268 lines (196 loc) · 24.1 KB

LLaMA SQuAD

LLaMA SQuAD

TL;DR

Encoder models based on BERT typically excel at "exact tasks" such as SQuAD, however there is currently much less investment in training large Open Source encoder models, likely because they are less widely applicable out of the box than foundation models. The purpose is of this repo is to explore whether it is possible to combine the best of both worlds: the "reasoning" abilities of large foundation models and the specialization capabilities of encoder models.

This repo uses the TRL (Transformer Reinforcement Library) to fine-tune Meta's Llama 2 & 3 models on the SQuAD v2 task. This is a particularly challenging task for generative foundation models like Llama, because it requires abstention when the answer is not in the context and exact extraction from the context when it is present. If we can fine-tune a foundation model so that it is more "honest" about what it cannot answer and to always give answers in a predictable format, then it should be possible to specialize these generalized foundation models on a wide range of tasks.

While a lot of progress has been made in the field of fine-tuning for more general tasks, we find that it is necessary to adapt the procedure in order to get good results.

UPDATE: Adpated to work with with Llama 3 and added results.

Motivation

Before ChatGPT, we typically used encoder (discriminative) models to solve specific tasks such as classification and question answering. In fact, many of the SOTA results for these kind of tasks appear to have got stuck in time. Back then, decoder (generative) models like GPT seemed like they could be of little more use than to generate an alternative ending to a Harry Potter book. However, a first hint of their surprising utility was uncovered in the Open AI paper, "Language Models are Unsupervised Multitask Learners" in which they demonstrated the ability of GPT-2 (1.5B parameters!) to perform a variety of tasks such as translation, question answering, and summarization, all without the need for task-specific training.

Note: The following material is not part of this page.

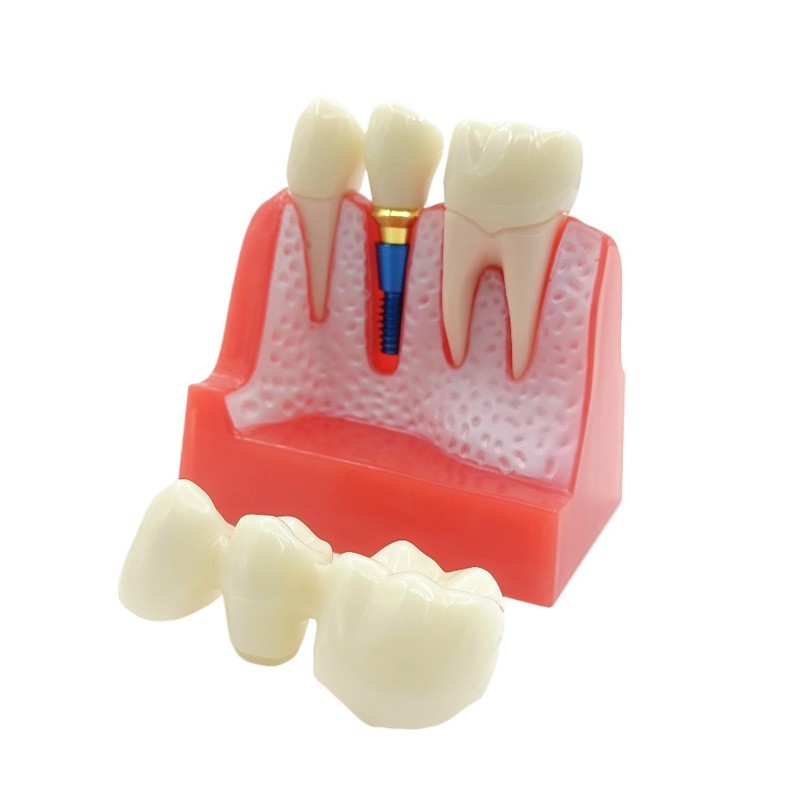 4 Times Dental Implant Analysis Crown Bridge Demonstration Study Teeth Model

ChatGPT works astonishingly well on a wide range of tasks, but it is not possible to specialize on a custom task beyond techniques such as "few shot learning" and "prompt engineering". In particular, there is no effective way to feed back examples that do not pass human validation, in order to improve model performance with active learning. Furthermore, there is no guarantee that OpenAI will maintain the performance of the model for your use case (see "How is ChatGPT Behaviour Changing Over Time?").

Thankfully, there have been great advances in Open Source, from models like Llama 2 (7B - 70B parameters) to techniques like QLoRA (Quantized Low-Rank Adaption) that make fine-tuning these models on a single "prosumer" GPU possible.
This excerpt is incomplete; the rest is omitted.